For eggsample: if I wanted to research "the percentage of fertile Blue Wyandot Eggs and the rate of deformity of the hatchlings in Lower Bumplesteen in Craddock", this algorithm would allow me to find this in context because it will have indexed all of these terms and related them.
Perhaps you could use the term "Relational Database" as well as "Clustering" as well as "context" ...
So, Mr and Mrs Spam who set up a site that has an automatic page generator that picks up any of the terms in my search string is going to rank much lower; for example, if the spam page was about "Blue Wyandot Eggs", it would also have to be related to everything about a "Blue Wyandot", which is a breed of farm chicken (or poultry) ... etc .. and the more "relationships" the term has the better.
thus a page that is SEO'd for Wyandots is not going to rank well unless it has references within the SITE to what a Wyandot actually is and does .. to provide the context.
Read up a bit about cataloging and Digital Information Management Systems .. its actually a highly specialised field.
In other words, due to some pressure that has been applied to them, Google are moving beyond "web page indexing" to "contextual digital archive retrieval" and that's a whole different ball game, logic, and way of thinking.
If you can access "www.dialog.com", you might get an idea of a very grass roots "intelligent database"
Is this helpful for you?
Secondly, your explanation is clear to me, yet I feel like pointing out, is it specifically this ability to search only "true" content and discard SEO spam what makes Orion so unique?
Maybe this will sound too bold from me, but it doesn't surprise me much. I apologize for I'm not an Information Specialist. I only know programming and I am good at regular expressions and data mining. In a nutshell, part of my job is to write web crawlers that gather specific data. Perhaps it is the fact that I'm only taking into consideration the "nuts & bolts" that my vision of Orion is too narrow, but I don't think it is such a breakthrough since it is my opinion that anyone with intermediate skills can develop a tool to compare content and rid out plain spam.
I understand what you are saying and asking - and from the perspective you are asking it.

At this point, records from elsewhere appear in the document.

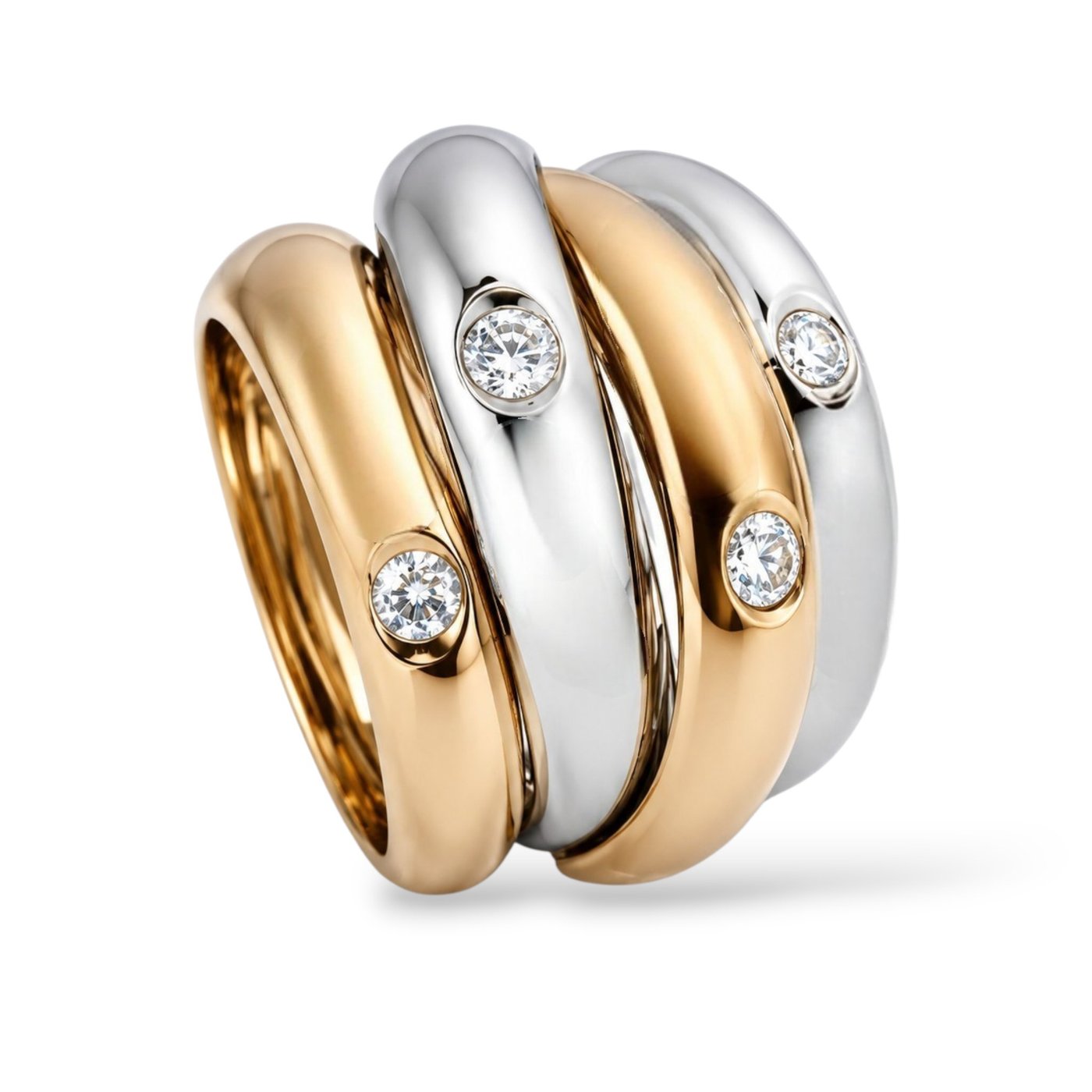 Italian Two Tone 18K  Gold and Diamond Ring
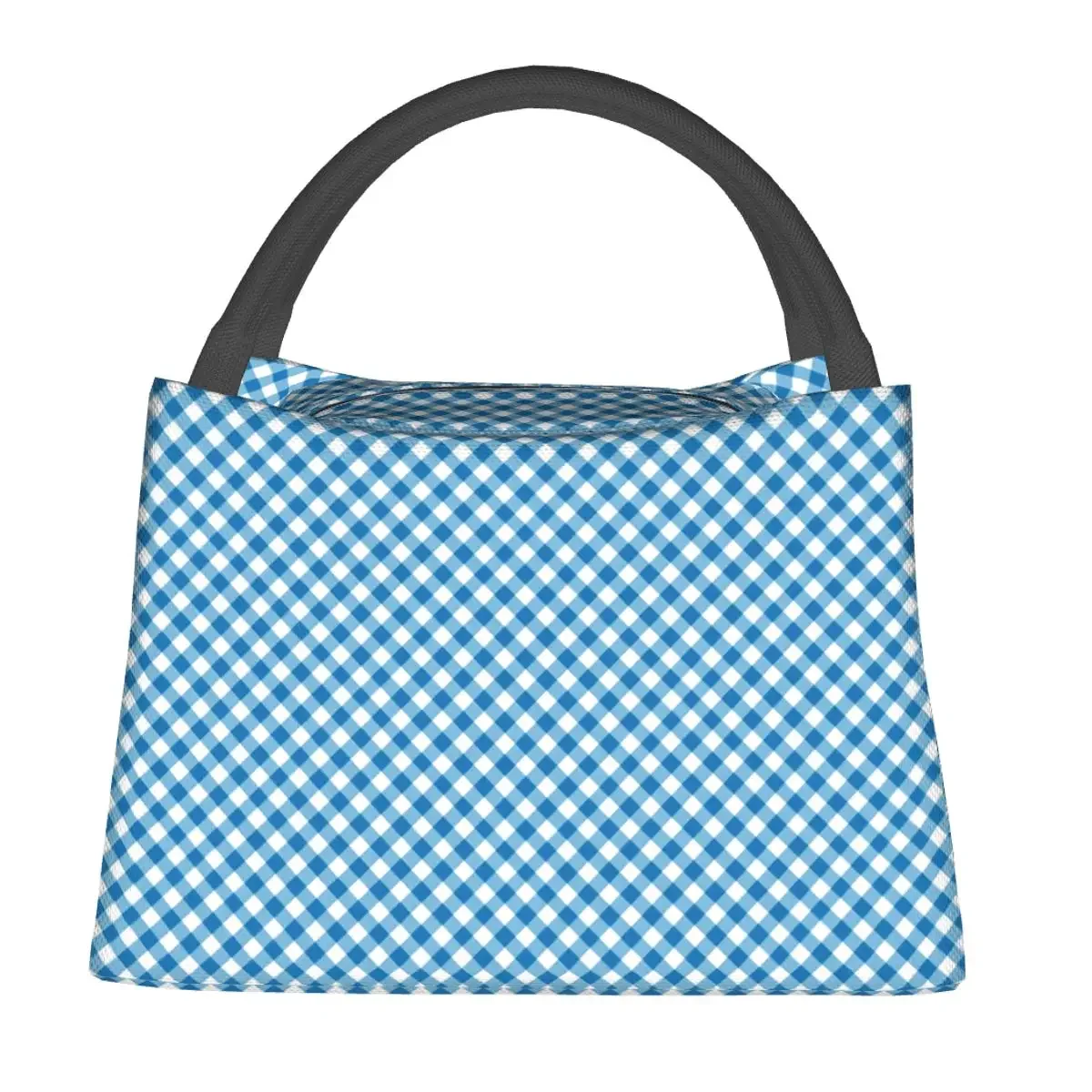 Gingham Print Lunch Bag Blue Check Travel Lunch Box For Unisex Cute Designer Thermal Tote Handbags Oxford Cooler Bag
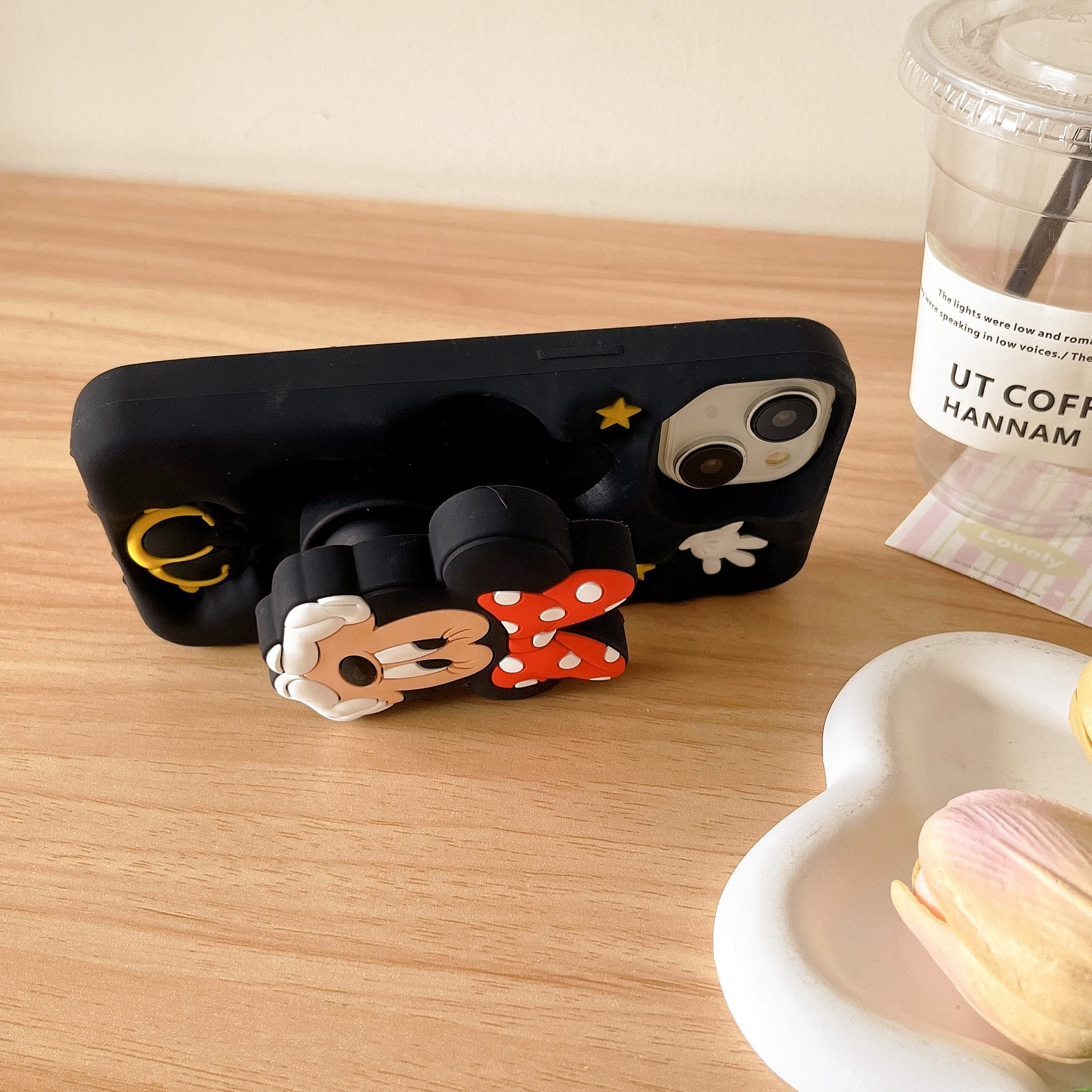 For iPhone 15 14 13 12 11 Pro Max Case Minnie Holding Face Head Holder Soft Silicone Soft Case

The difference is that this "intelligent database" and "query engine" was designed to catalog information; the elimination of spam happens because of the way it does this.
It was not designed with any purpose of eliminating spam - spam was eliminated 'by default" and there is no need for "spam filtering" - unless the spam can "intelligently" be generated by a similar program
Do you understand the "inversion" in the logic here?
Qualify and quantify the information "dynamically" and the index can't be spammed; this happens because the result page is generated from relational databases and not stored as an index or index/content;
in other words, the conventional idea of "cache" goes out the window.
think of a massive MyQSL database, relationship queries and dynamically generated nested templates which assign the queries according to how the database feeds back into the template generator
nothing is eiminated, nothing is rejected, nothing is blocked.
the only way to get a spam page to the top of the results would be to shift the weighted average by publishing enough sites to shift that average in your favor .. and, even then, you would only have influence in one or maybe two contextual relationships.
However, if you did this, duplicate pages would show up in the results as one "context" repeated in a number of sites . this appears then on a supplementary page, not on the first page of results.
Another by-product of this is that "date of publishing" will give some relevance to copyright but originality will not be penalised.
So basically, with the help of Orion, your search results will know be "knowledge", instead of "all bytes that matched the query".
Just out of pure curiosity. Suppose there was this program you can give keywords like "blue disc".
Then the program makes a search and returns:
"Blue Ray DVD technology"
"Blues Music CDs"
"Colored CD-Rs for sale"
As a disambiguation, from which there you can browse further.
Should a program like that appear all of a sudden on eBay, how much do you people think it would sell in?